Short descriptive text snippets:
■ ■ ■
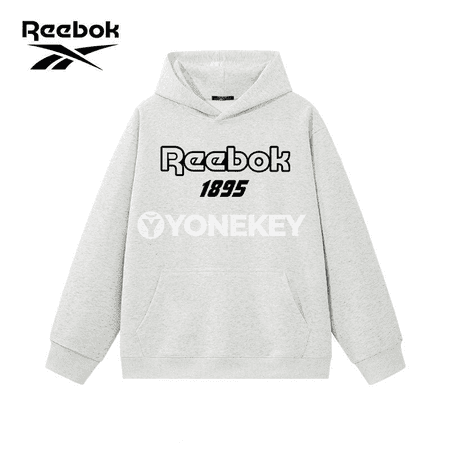 Erkekler üçin owadan kopýuşonkaly hudi köýnek.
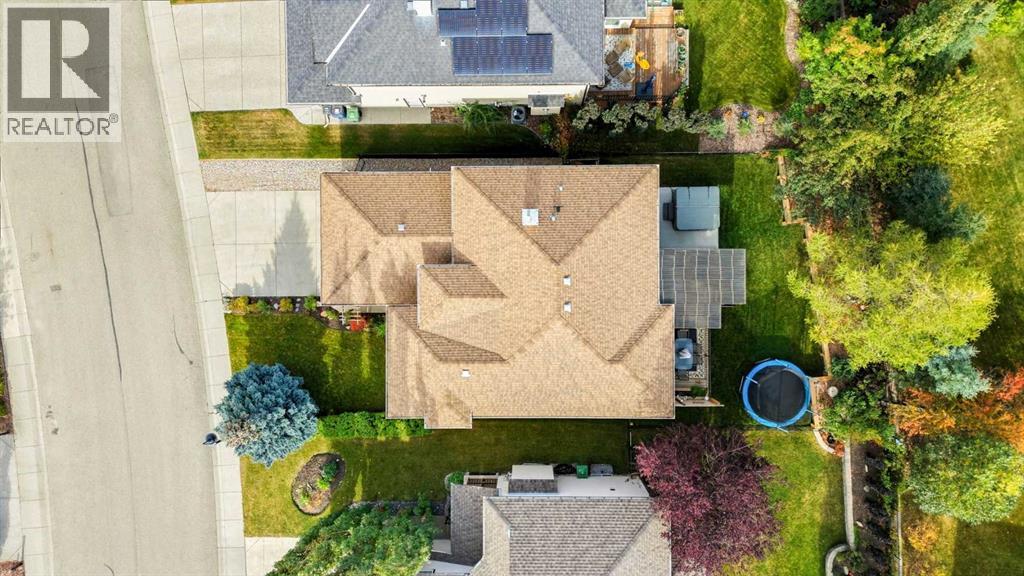 224 Sunterra Ridge Place, Cochrane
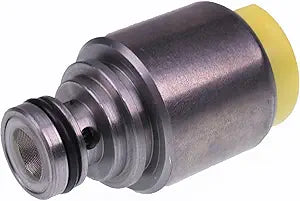 24V Transmission Solenoid Valve 0501314770 for Doosan Daewoo Komatsu Loader MEGA 160 160TC 200TC-V 200-V 250-V 300-V 400-V 500-V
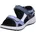 Herren 43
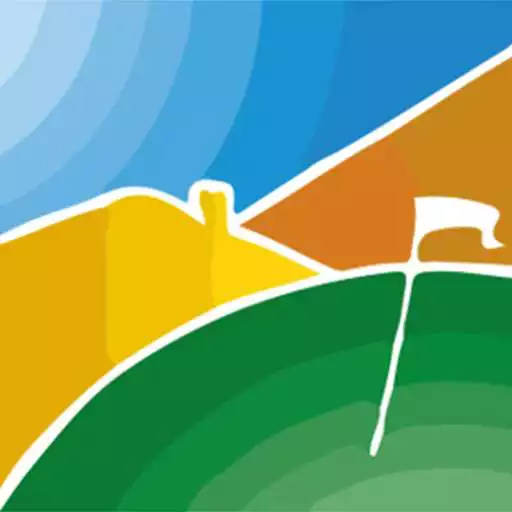 Play Aldeamayor Golf APK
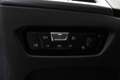 BMW 330 3 Serie 330e High Executive M Sport Automaat / Sch Grijs - thumbnail 29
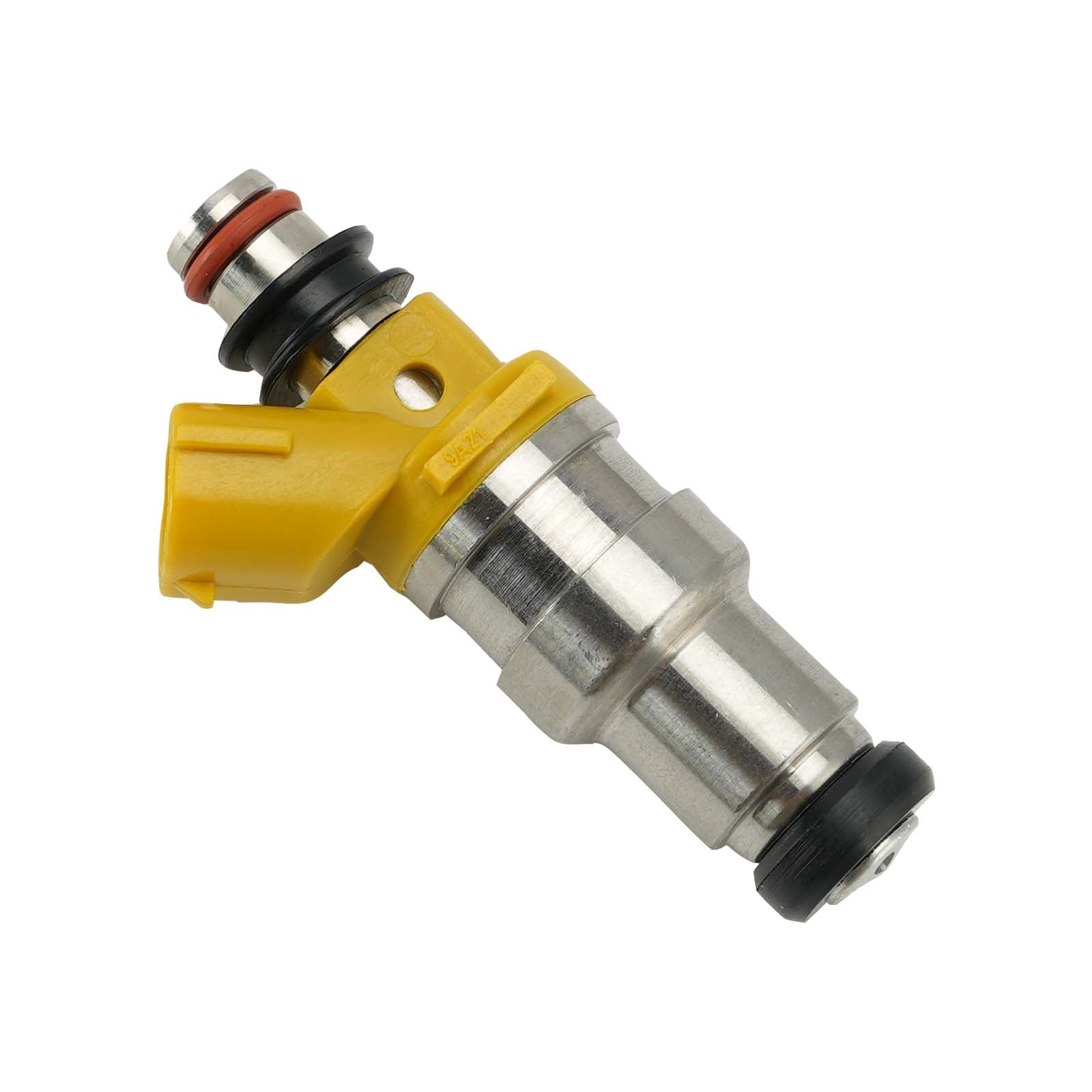 Injecteurs de carburant Arctic Cat ZR ZL Sabercat M6 M7 M8 3007-699 3006-060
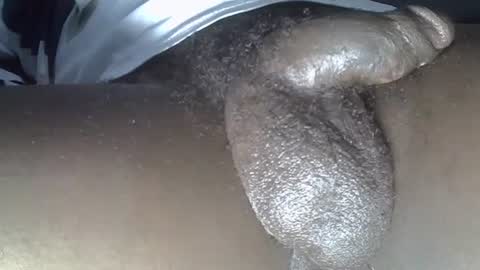 GIANT  Lamar  72 ft  tall  with a  10 inches  BBC   hard quick cumshot in private show lets go online show from 06-30-26, 06:20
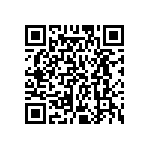 SIT9003AC-83-33ED-8-00000Y QRCode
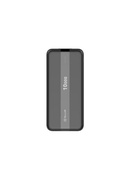  Tellur PBC103 10000mAh black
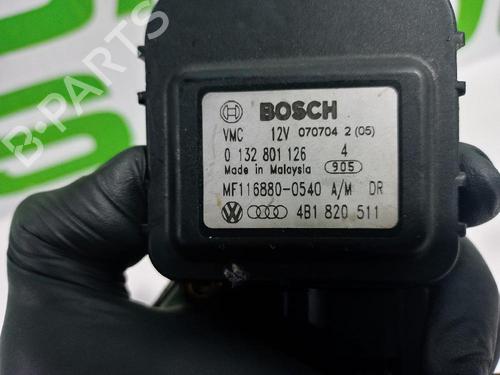 Electronic module AUDI A6 C5 (4B2, 4B4) 2.5 TDI quattro | BP31542851M83 - Image 2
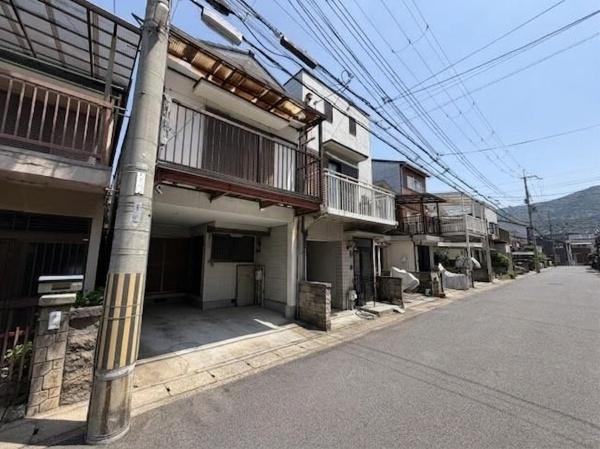 【その他】
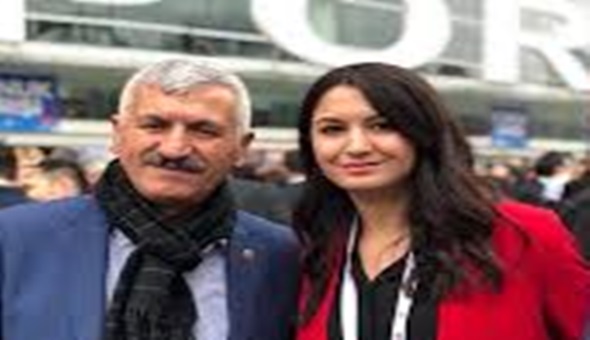 İspatlamayan şerefsizdir!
■ ■ ■
Would you copy out the data exactly, leaving every picture out?

- WRITTEN ANSWER:
 Erkekler üçin owadan kopýuşonkaly hudi köýnek.
 224 Sunterra Ridge Place, Cochrane
 24V Transmission Solenoid Valve 0501314770 for Doosan Daewoo Komatsu Loader MEGA 160 160TC 200TC-V 200-V 250-V 300-V 400-V 500-V
 Herren 43
 Play Aldeamayor Golf APK
 BMW 330 3 Serie 330e High Executive M Sport Automaat / Sch Grijs - thumbnail 29
 Injecteurs de carburant Arctic Cat ZR ZL Sabercat M6 M7 M8 3007-699 3006-060
 GIANT  Lamar  72 ft  tall  with a  10 inches  BBC   hard quick cumshot in private show lets go online show from 06-30-26, 06:20
 SIT9003AC-83-33ED-8-00000Y QRCode
  Tellur PBC103 10000mAh black
 Electronic module AUDI A6 C5 (4B2, 4B4) 2.5 TDI quattro | BP31542851M83 - Image 2
 【その他】
 İspatlamayan şerefsizdir!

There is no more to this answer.